Daily & Internet Columns
David Caraviello, Charleston Post & Courier
Inside The NASCAR Bubble, Nothing Else Matters
This week in the bubble, they're fixated over who's going to crew chief Dale Earnhardt Jr.'s car next season, and whether Kurt Busch and Jamie McMurray can get out of their contracts. They're stressing over brake wear and front-end durability. They're obsessed with the Chase for the Championship, now only three short weeks away.
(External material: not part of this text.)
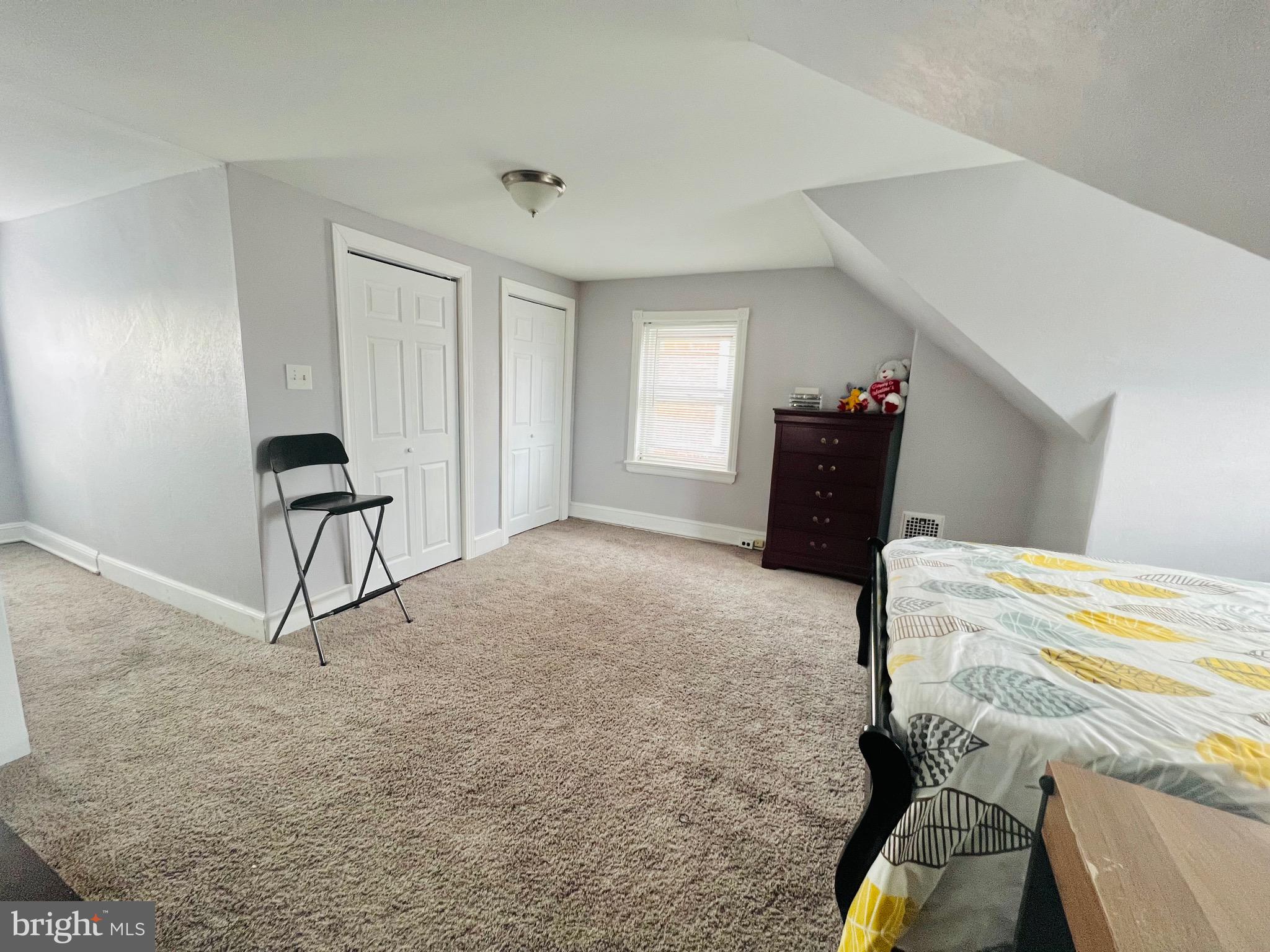 5240 North Front Street Philadelphia, PA 19120 - Photo 17 of 19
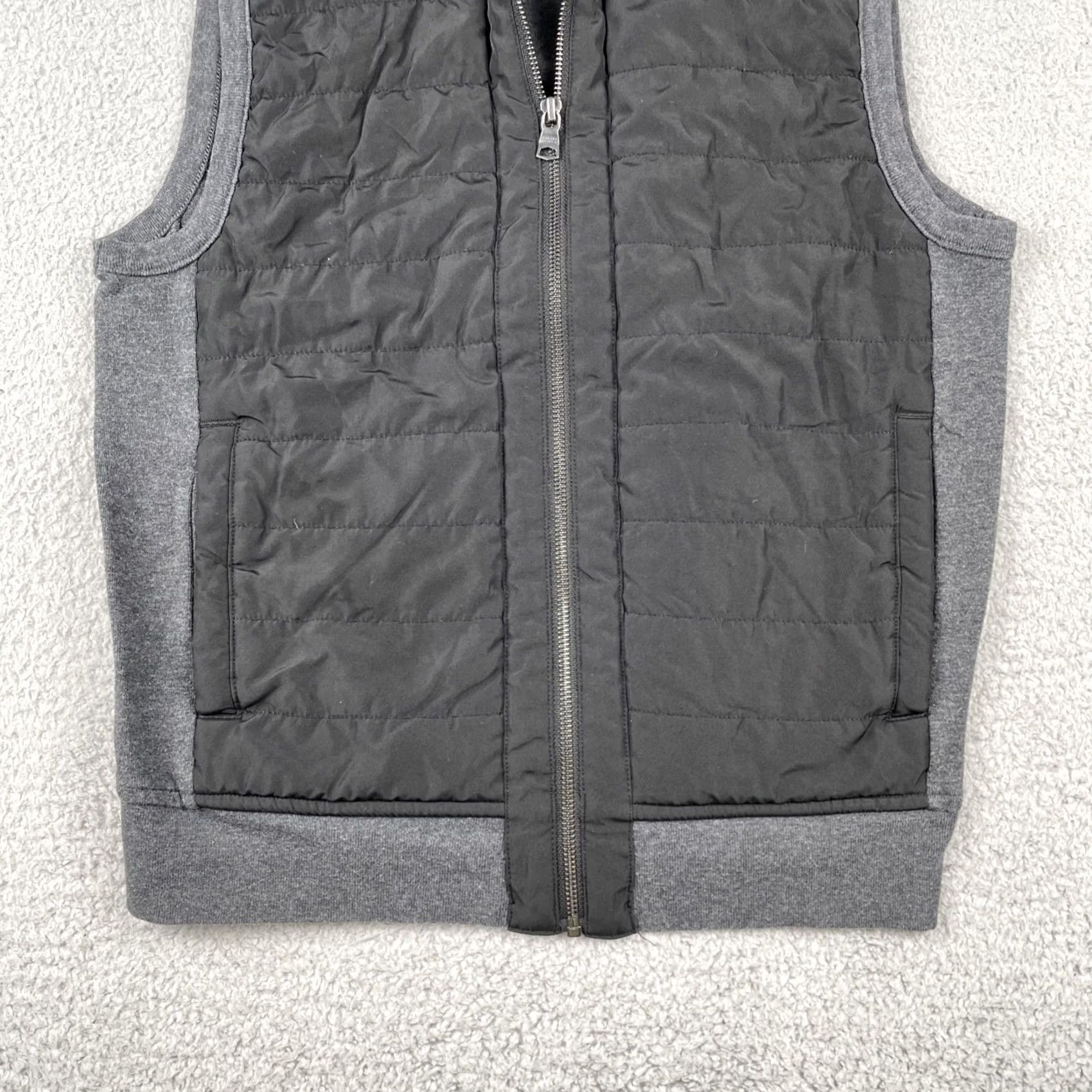 Banana Republic Banana Republic Vest Mens M Quilted Zip Up Sweater Outer Shell Polyester Gray Dark GrayEU C UC Size US M / EU 48-50 / 2 - 3 Thumbnail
Inside the bubble, there is no room for outside influences. The start of college football season? Forget it. Hurricane Katrina storming toward the Gulf coast? Take a message. Inside the hermetically-sealed world of the bubble, there is only NASCAR, 24 hours a day, seven days a week, for 10 months. Entire nations could vanish from the face of the earth, and the citizens of the bubble would hardly notice unless a crew chief mentioned it over his radio. But whispers of one car manufacturer developing a new cylinder head, or rumors of one mid-level driver switching teams, causes a frenzy.
The bubble is the recycled-air world within which the NASCAR circuit travels, where only stock-car issues matter and where even the smallest bit of minutiae is scrutinized like the Pentagon Papers. It is a place unto itself, consumed by innuendo and speculation, powered by people who never clock out. The bubble is populated by crew chiefs and engineers who dissect data until the early hours of the morning, fabricators and machinists who work six and half days a week, reporters and public relations reps who spend maybe three nights of every seven at home.
They date, marry, and raise children within the bubble, change jobs within the bubble, retire within the bubble but never dare leave it because they know no other life. They live not in subdivisions or communities, but off Interstate 77 exits, as if they're talking about stops along the New Jersey Turnpike. In the real world, they're known as Huntersville, Cornelius and Mooresville. In the bubble, they're called exits 23, 28 and 33.
In the bubble, everything seems crucial. The most mundane of matters — such as whether NASCAR will change the car templates for next year, or whether Sterling Marlin will find a ride — take on an artificially inflated importance. The only real parallel is Washington, where every piece of political flotsam and jetsam seems earth-shattering, while outside the Beltway people are too busy living their lives to care.
The bubble is a nice place to visit, but it's a demanding place to live. It's a monster that feeds on Thursday afternoon flights out, Monday morning flights back, and three days of constant grinding in between. Work fewer than 12 hours a day, and people treat you like you're slacking off. Skip a race weekend, and be prepared to get needled about how you're never at the track anymore. Try to work in a little personal time, like a round of golf or some sightseeing, and people slyly question your commitment.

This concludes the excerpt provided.